◆ Directions: Please give, word for word, the line containing "LivGrain Kayaking Dry" and every line that comes after it in the data below.
BEGIN
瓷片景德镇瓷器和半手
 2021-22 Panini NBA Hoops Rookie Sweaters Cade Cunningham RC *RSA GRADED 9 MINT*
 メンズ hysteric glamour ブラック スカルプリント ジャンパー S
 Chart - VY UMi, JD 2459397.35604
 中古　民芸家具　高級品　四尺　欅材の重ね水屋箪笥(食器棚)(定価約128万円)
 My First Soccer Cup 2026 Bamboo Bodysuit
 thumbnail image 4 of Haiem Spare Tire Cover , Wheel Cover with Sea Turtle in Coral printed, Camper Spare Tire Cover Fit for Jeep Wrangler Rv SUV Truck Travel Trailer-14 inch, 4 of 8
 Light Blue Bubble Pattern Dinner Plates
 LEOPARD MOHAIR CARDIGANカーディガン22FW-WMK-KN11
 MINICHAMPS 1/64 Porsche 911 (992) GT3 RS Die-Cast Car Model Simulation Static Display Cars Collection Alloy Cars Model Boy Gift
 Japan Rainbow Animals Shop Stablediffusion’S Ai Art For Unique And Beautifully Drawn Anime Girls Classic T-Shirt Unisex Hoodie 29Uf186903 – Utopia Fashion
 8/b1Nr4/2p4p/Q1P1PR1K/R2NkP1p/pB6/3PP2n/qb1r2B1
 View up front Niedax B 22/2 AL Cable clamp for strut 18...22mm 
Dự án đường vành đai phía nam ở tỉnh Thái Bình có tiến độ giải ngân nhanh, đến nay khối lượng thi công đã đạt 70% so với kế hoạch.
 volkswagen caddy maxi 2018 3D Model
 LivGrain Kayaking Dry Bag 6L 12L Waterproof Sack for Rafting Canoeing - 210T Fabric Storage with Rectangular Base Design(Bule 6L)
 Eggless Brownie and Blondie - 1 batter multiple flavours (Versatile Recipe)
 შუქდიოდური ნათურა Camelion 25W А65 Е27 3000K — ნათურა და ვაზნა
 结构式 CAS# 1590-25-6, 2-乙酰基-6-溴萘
END
◆ Worked solution:
 LivGrain Kayaking Dry Bag 6L 12L Waterproof Sack for Rafting Canoeing - 210T Fabric Storage with Rectangular Base Design(Bule 6L)
 Eggless Brownie and Blondie - 1 batter multiple flavours (Versatile Recipe)
 შუქდიოდური ნათურა Camelion 25W А65 Е27 3000K — ნათურა და ვაზნა
 结构式 CAS# 1590-25-6, 2-乙酰基-6-溴萘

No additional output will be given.